Common pitfalls to avoid
- Assuming portability is automatic. You must apply with the county where your new home is located.
- Waiting too long to file. Deadlines matter and can change. File as soon as you establish homestead.
- Overlooking ID and residency updates. Make sure your driver’s license and voter registration reflect your new address.
- Expecting portability to change tax rates. Portability adjusts assessed value. Millage rates and levies are separate.
We can help you plan the move
If you are weighing a Sarasota or Manatee move, you do not have to guess about taxes or timing. Our team can help you map out the steps, coordinate closing timelines, and remind you when to file so you keep every eligible dollar of your Save Our Homes benefit. Reach out to the team at Sarasota Neighborhood Experts to plan your next move with confidence.
FAQs
What is Florida portability for Sarasota and Manatee homeowners?
- It is the ability to transfer your Save Our Homes assessment difference from your prior Florida homestead to a new Florida homestead to lower the new assessed value.
Do I automatically get portability when I move within Florida?
- No. You must apply with the property appraiser in the county where your new homestead is located.
Can I transfer my full Save Our Homes benefit to a pricier home?
- You may transfer your accumulated benefit, but your taxes can still rise if the new home’s market value is higher and program limits apply.
If I moved out of state, can I still use portability later?

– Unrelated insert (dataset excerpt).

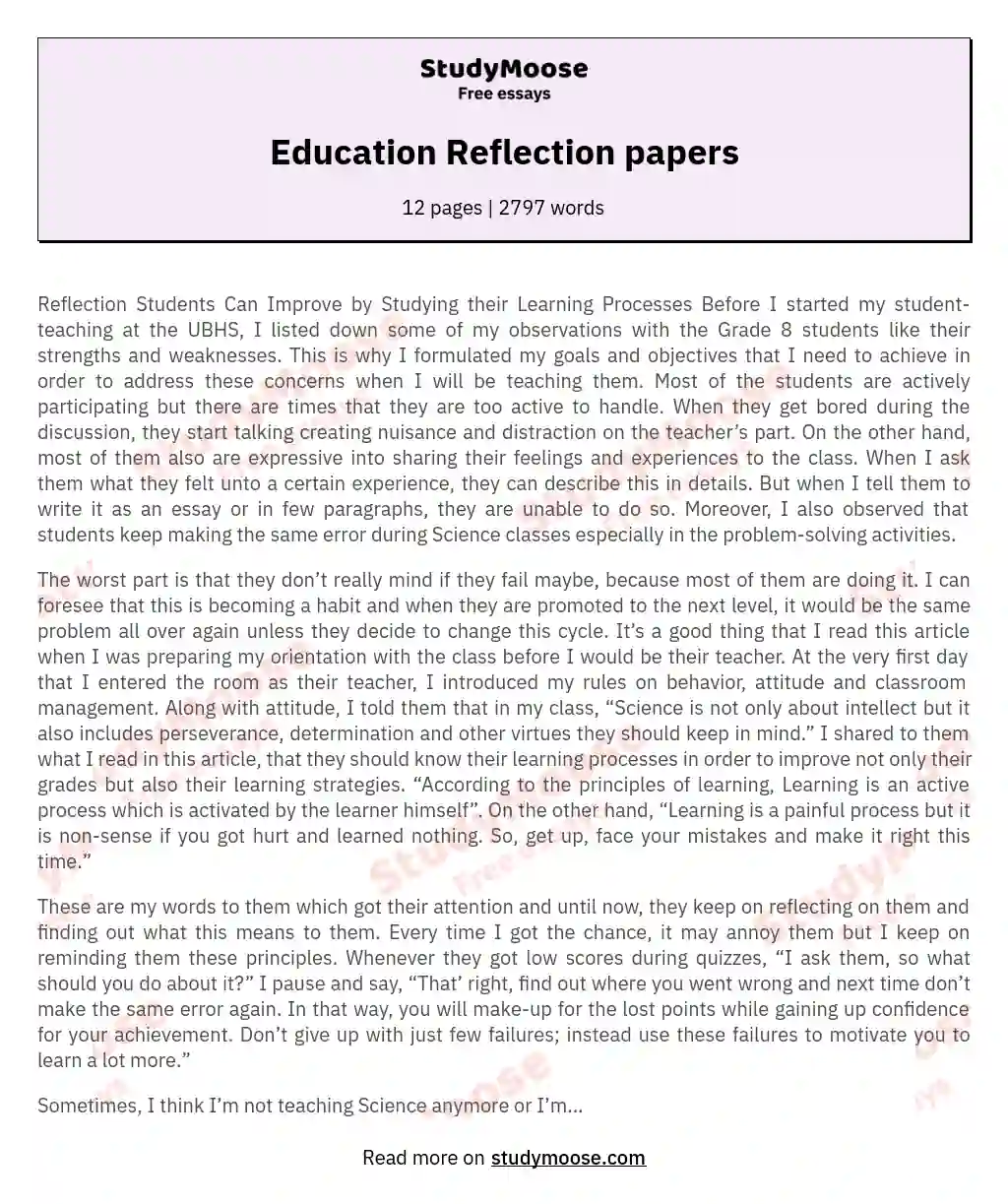 Education Reflection papers essay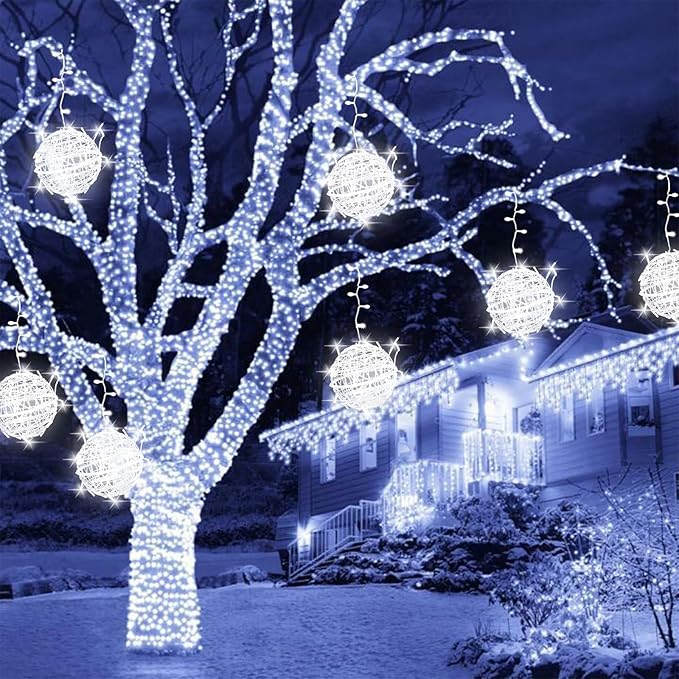 Outdoor Christmas Balls Lights Tree Lights Waterproof 4 Pack 7.87 LED Hanging Globe Sphere Lights with 8 Lighting Modes Memory Timer Plug for Party Wedding Xmas Porch Patio Garden Yard Decorations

- Portability applies to transfers between Florida homesteads, and out-of-state periods can affect eligibility, so confirm current rules with the county or state.
How long after I move can I apply for portability?
- Deadlines vary by law and procedure, so contact the county property appraiser promptly after closing and establishing homestead.
Does portability change my tax rate or other exemptions?
- No. Portability affects the assessed value for your homestead; millage rates and other exemptions are separate programs.
Which office do I file with when moving between Sarasota and Manatee?
- File with the property appraiser where your new homestead is located, and be ready to provide proof of your prior homestead status.